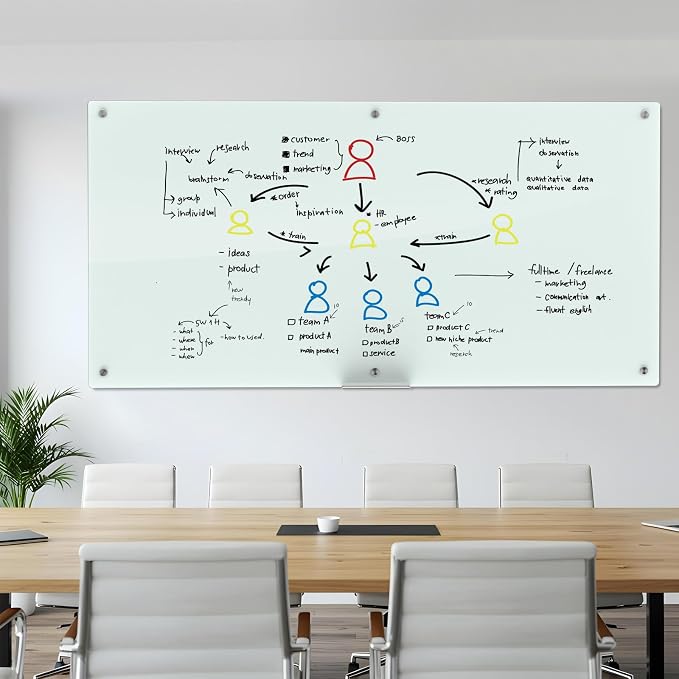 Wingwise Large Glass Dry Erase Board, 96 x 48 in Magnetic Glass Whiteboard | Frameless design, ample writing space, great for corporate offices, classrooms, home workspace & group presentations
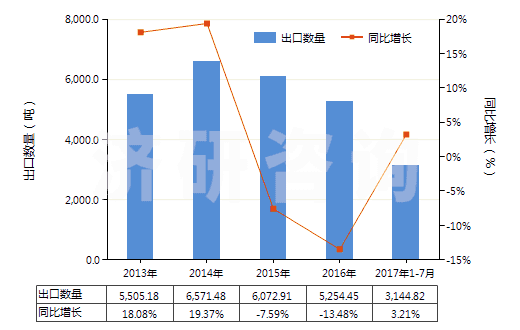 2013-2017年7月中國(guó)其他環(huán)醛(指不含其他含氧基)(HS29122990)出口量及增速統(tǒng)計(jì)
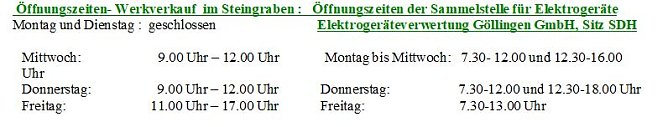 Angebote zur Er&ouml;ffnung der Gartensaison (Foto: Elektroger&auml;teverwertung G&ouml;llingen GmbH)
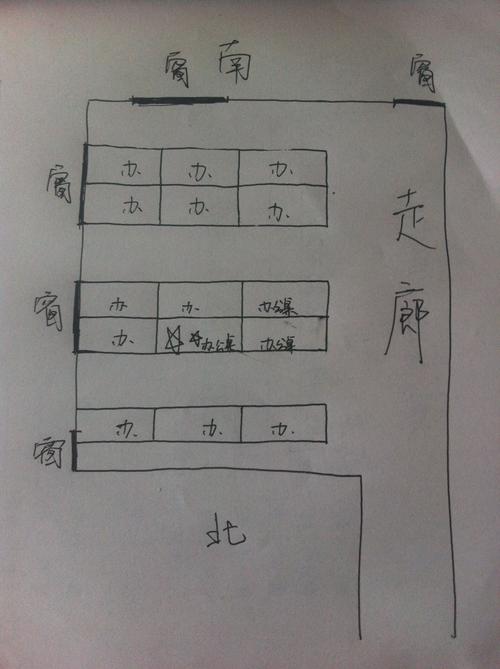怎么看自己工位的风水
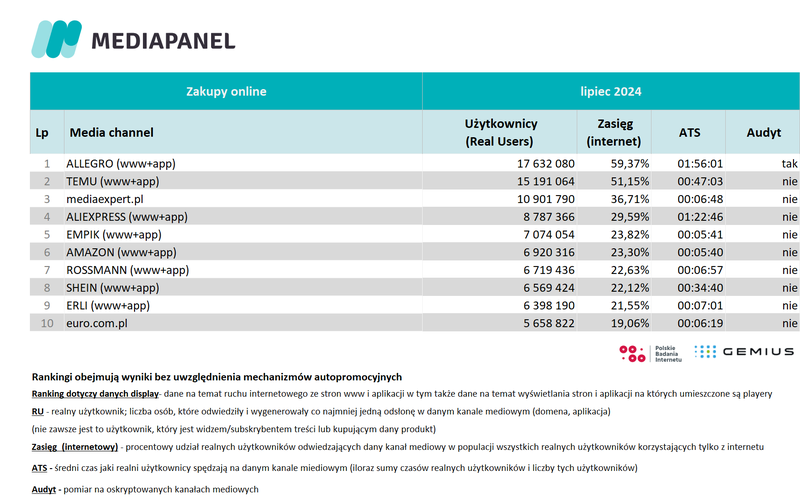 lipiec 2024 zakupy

● ● ●

**Problem to work on**
Would you please print out all the records above exactly, minus any pictures?

**Task result**
 Wingwise Large Glass Dry Erase Board, 96 x 48 in Magnetic Glass Whiteboard | Frameless design, ample writing space, great for corporate offices, classrooms, home workspace & group presentations
 2013-2017年7月中國(guó)其他環(huán)醛(指不含其他含氧基)(HS29122990)出口量及增速統(tǒng)計(jì)
 Angebote zur Er&ouml;ffnung der Gartensaison (Foto: Elektroger&auml;teverwertung G&ouml;llingen GmbH)
怎么看自己工位的风水
 lipiec 2024 zakupy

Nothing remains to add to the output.